New incentives proposed to boost remittances

By Zafar Bhutta
Published in The Express Tribune on September 14, 2024

ISLAMABAD: The State Bank of Pakistan (SBP) has proposed performance-based incentives for banks and exchange companies to encourage higher remittance inflows through formal banking channels.

Sources told The Express Tribune that during a recent Economic Coordination Committee (ECC) meeting, the deputy governor of SBP explained that the current incentives, which are transaction-based, need to be revised to focus more on performance.

Previously, the incentive base rate was 30 Saudi Riyal (SAR) per $100 transaction. The SBP has now proposed reducing this base incentive to 20 SAR per $100 transaction.

An additional reimbursement of 8 SAR per incremental eligible transaction would be made for growth up to 10% or $100 million over the previous year, whichever is lower.

A further reimbursement of 7 SAR would be provided for growth exceeding 10% or $100 million.

Concerns were raised during the meeting about whether a cost-benefit analysis had been conducted, as the scheme could have significant financial implications for the national exchequer.

In response, the central bank clarified that this scheme had been in place for years and had proven effective in increasing remittances, bringing in nearly $30 billion annually.

The reduction in the base rate, from 30 SAR to 20 SAR, would also help lower the government’s overall Telegraphic Transfer (TT) charges.

The SBP representative also explained other proposed revisions pertaining to exchange companies.

The Finance Division informed the committee that the government, through SBP and the Pakistan Remittance Initiative (PRI), has implemented various schemes to encourage remittances via formal channels.

These schemes were revised in 2023, resulting in consistent growth in remittance inflows. For FY 2024, remittances saw a positive cumulative growth of 10.7% year-on-year, totalling $30.3 billion, compared to $27.3 billion in FY 2023.

SBP has proposed further revisions to two Home Remittance Incentive Schemes, originally approved by the ECC/Cabinet, and now requiring ECC approval for the proposed changes.

Reimbursement of TT charges

Launched in 1985, this scheme aims to provide remittance transactions at zero cost for the sender and receiver in Pakistan for transactions exceeding $100.

Banks and financial institutions involved receive a uniform incentive for eligible transactions.
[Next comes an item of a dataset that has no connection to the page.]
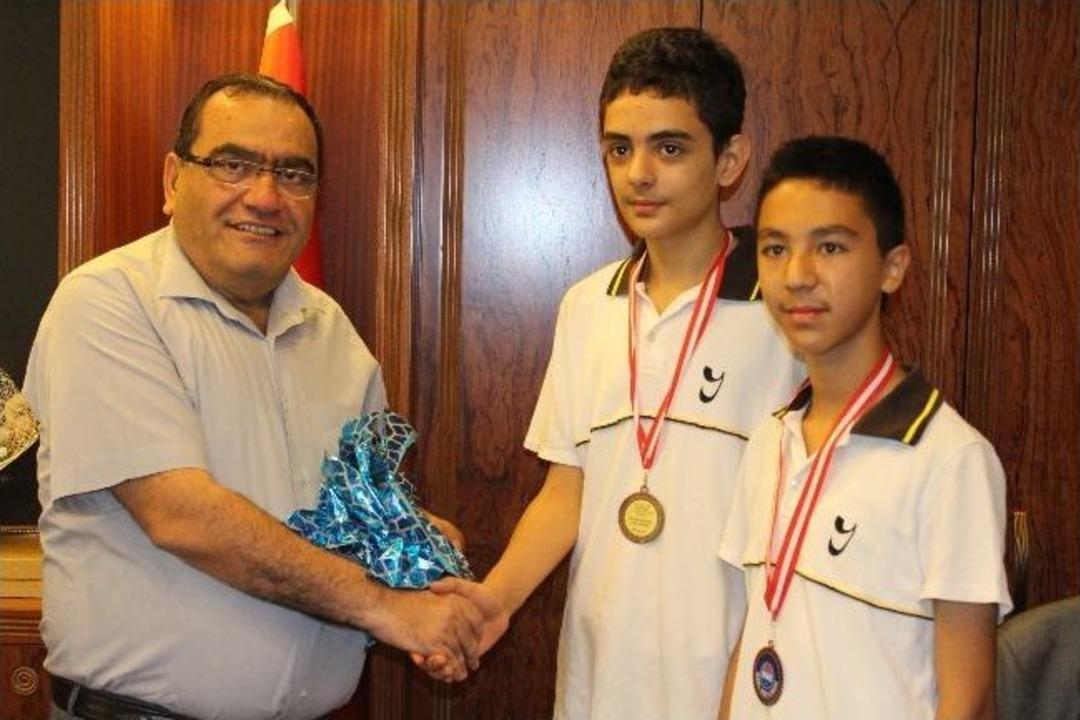 Kaymakam Okur, Başarılı &Ouml;ğrencileri Konuk Etti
The incentive rate was raised to 30 SAR last year, a change that positively impacted remittance inflows. Now, SBP proposes dividing the flat 30 SAR reimbursement into fixed and variable components.

The fixed component would offer 20 SAR for all eligible transactions over $100.

The variable component would provide an additional 8 SAR per incremental eligible transaction for growth up to 10% or $100 million, whichever is lower.

For growth exceeding 10% or $100 million, an additional 7 SAR per incremental transaction would be provided.

This structure allows banks achieving higher remittance inflows to receive up to 35 SAR per eligible transaction, with performance evaluated monthly and adjustments made in the last quarter of the financial year.

SBP believes these revisions will incentivise banks to increase remittance inflows while potentially reducing the government’s overall TT charge expenses.

Incentive scheme for EC

Launched in 2022, this scheme encourages exchange companies (EC) to surrender 100% of foreign exchange in the interbank market.

The current rate is Rs1 per USD mobilised. The SBP proposes increasing the fixed base rate from Rs1 to Rs2 per USD surrendered in the interbank market to SBP-designated banks.

Additionally, a variable component would offer Rs3 per USD for incremental remittances up to 5% or $25 million, whichever is lower, and Rs4 per USD for growth exceeding 5% or $25 million.

Payments would be based on surrendering foreign exchange according to SBP-prescribed percentages, with performance evaluated monthly and adjustments made in the last quarter of the financial year.

SBP argues that these revisions will encourage exchange companies to mobilise more remittances and help offset their increased operating costs.

ECC approval

The ECC of the Cabinet considered the Finance Division’s summary on the “Proposal for Revision in Home Remittances Incentive Schemes” and approved SBP’s proposed changes to both the TT Charges Scheme and the Incentive Scheme for Exchange Companies.